In Eviews, the first-order difference sequence is increased to 2020, and the AR(1), MA(1), and M(2) models are statically predicted, and the difference value in 2020 is 3425. After calculating China’s electricity demand in 2020, the predicted value is 76,277 billion kWh, and the actual value of electricity demand in 2020 is 75,214 billion kWh, with an error rate of 1.4%, and the forecast is very accurate. Figure 3 shows the correlation of the residual sequence.

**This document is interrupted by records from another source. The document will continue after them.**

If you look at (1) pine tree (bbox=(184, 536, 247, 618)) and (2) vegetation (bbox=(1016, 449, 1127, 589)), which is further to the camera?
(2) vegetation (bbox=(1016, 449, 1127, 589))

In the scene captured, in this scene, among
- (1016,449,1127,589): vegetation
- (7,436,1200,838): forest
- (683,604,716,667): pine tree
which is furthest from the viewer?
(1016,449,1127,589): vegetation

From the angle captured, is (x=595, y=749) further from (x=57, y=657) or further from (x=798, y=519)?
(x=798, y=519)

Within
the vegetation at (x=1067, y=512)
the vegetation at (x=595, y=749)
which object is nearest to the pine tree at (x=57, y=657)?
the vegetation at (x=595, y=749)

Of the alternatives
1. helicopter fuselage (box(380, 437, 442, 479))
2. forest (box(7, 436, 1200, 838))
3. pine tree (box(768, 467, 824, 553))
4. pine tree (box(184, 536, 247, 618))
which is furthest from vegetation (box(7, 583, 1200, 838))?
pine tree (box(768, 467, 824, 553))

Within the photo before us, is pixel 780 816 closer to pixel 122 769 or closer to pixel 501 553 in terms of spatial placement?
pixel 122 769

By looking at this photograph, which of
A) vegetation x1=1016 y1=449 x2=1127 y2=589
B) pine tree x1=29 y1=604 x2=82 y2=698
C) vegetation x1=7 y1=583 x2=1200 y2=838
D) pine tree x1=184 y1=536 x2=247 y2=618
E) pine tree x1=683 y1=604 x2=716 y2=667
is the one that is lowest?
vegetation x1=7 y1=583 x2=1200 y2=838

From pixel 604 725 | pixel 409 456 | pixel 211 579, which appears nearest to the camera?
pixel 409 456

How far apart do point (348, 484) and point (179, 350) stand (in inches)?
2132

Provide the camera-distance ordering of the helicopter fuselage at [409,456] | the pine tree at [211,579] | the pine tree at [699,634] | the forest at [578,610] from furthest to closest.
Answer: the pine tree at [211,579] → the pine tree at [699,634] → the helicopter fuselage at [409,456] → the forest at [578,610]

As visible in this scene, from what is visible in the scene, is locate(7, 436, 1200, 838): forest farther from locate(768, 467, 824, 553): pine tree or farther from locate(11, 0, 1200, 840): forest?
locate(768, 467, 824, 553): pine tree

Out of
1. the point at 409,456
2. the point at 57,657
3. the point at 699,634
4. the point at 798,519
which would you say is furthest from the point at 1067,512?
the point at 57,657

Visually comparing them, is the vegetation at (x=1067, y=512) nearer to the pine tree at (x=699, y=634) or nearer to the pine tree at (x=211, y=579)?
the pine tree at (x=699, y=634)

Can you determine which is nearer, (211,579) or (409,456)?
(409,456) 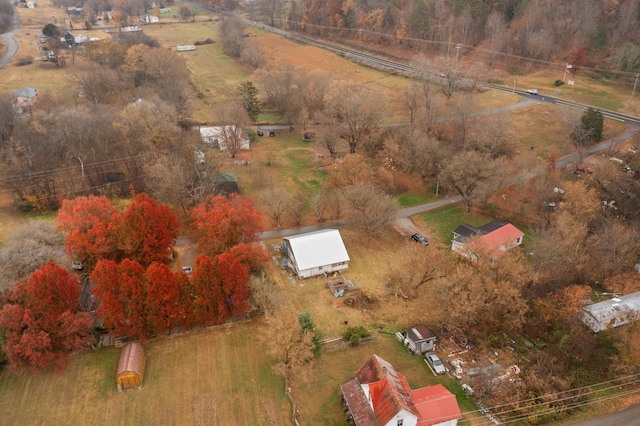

Based on the historical data of China’s electricity consumption, this paper analyzes the data characteristics of China’s electricity consumption by using Eviews software. The long-term trend of power consumption sequence is eliminated by fitting the regression curve, and then the residual sequence is analyzed and identified according to the relevant theory of time series. Finally, the comprehensive analysis is carried out according to the test statistics of the model. The exponential regression analysis method extracts the long-term characteristic information of the series, which is conducive to long-term prediction, while the analysis and identification of the residual sequence is conducive to improving the short-term prediction effect. The ARMA model in this paper is simple, practical, and has high prediction accuracy. It is not only suitable for short-term prediction of power consumption in China but also suitable for medium and long-term prediction.
5. Conclusions
This paper uses China’s electricity demand and applies the ARMA time series model. After differential processing, on the basis of the first-order difference stationarity, and through the residual series correlation test of the parameters estimated by the model, it is concluded that p = 1, q = 1, 2, and there are four models. The regression results of the four models are compared, and it is found that the AR(1), MA(1), and M(2) models are reasonable. After forecasting, the predicted value of China’s electricity demand in 2020 is 7,627.7 billion kWh, with an error of 1.4 percent from the actual value. The following conclusions and suggestions can be drawn: first, the prediction using the ARMA time series model is very accurate; second, it shows that China’s future electricity demand will continue to increase significantly and; third, China’s power sector should also invest heavily in power production in the future. Therefore, in the coming period of time, China’s power production sector should carry out a reasonable layout of production capacity to increase power supply to meet social needs; at the same time, it is also necessary to ensure that the society can obtain sufficient and good power services at lower power costs. The research has certain limitations. ARMA requires that the time series data be stable, or stable after differential differentiation. Therefore, in essence, it can only capture linear relationships, and not nonlinear relationships. This provides a certain reference for the changing power application market, but it still needs further analysis.
Data Availability
The data used to support the findings of this study are available from the corresponding author upon request.
Conflicts of Interest
The authors declare that they have no known competing financial interests or personal relationships that could have appeared to influence the work reported in this paper.
Acknowledgments
This work was supported by Humanities and Social Sciences Research Projects of Higher Education Institutions in Anhui Province of China: research on the effect of regional coordinated development based on the transfer of industrial clusters (No. SK2017A0481).